Nowadays I take care of the home computers, as well as being “tech support” for my SO’s telework computer on occasion. She says she’s “not a hardware person,” but she does know just about every programming language under the sun. She doesn’t like javascript either.
I guess that’s what separates me, an engineer who can write code, from an honest-to-God software developer. They live in the Front End, and know JavaScript backwards and forwards. I don’t know much of anything about Front End stuff, or writing web apps or mobile apps, and I look at JavaScript and I just think “WTF is this?” I know Java, but JavaScript is something I’ve never had a use for.
As a language JavaScript isn’t that bad but I have serious issues with loosely typed languages. Too much PTSD from C/C++ makes it hard for me to trust it.

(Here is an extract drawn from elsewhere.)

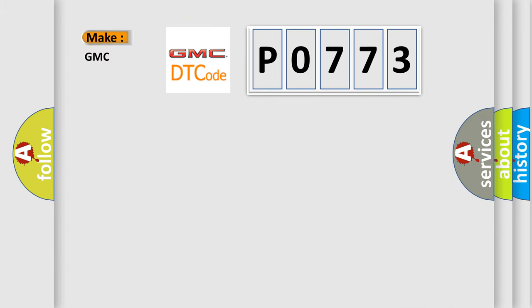So, what does the Diagnostic Trouble Code P0773 interpret specifically for GMC car manufacturers?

:waves: Sofware developer here. Inherited the curse from my mom I guess; she got started as a keypunch operator (yeah) for the county school board before working her way up to “Programmer/Analyst II” and refusing any promotion that smelled of management. I don’t know if she even used any languages besides COBOL on a regular basis.
Like a lot of 80s nerds I cut my teeth on BASIC. I got an AA degree in programming, and a BS in Management Informations Systems. My first programming job was developing and maintaining software for boat and RV dealerships in FoxPro, then in my spare time I was a remote contractor for a text-based online RPG with its own proprietary scripting language. They hired me full-time to babysit the servers and keep working on the game. Eventually the started having “real” programming classes and were surprised to find I was really good (having completely forgotten they hired a programmer and then kept me doing scrub work). So I got promoted, and worked on a game engine and editing tools in C++ and C# and Direct3D shaders. That company eventually collapsed on itself, sold off my project to anothe company which also had trouble paying bills and salaries consistently, and I wound up at an engineering software company working in C++ and C# with some legacy FORTRAN stuff that we never touch.
I have a bunch of experience with UI (and have mixed feelings about it), but I am pretty clueless about any web-related programming. They tried to put me on a project once with a mess of VBScript and Python, and I was supremely unhappy and unproductive until they decided I was doing a lot better on literally everything else they had me working on.
When programming in C++, you have to know your shit about OOP in order to not make any mistakes. In C#, Java, etc, you can get too careless too easily.
I certainly do, but I never needed to invoke advanced search in AltaVista’s main UI - it was just there if you knew how to use it. That’s better design.
Edit: It was also more flexible. Little languages usually are.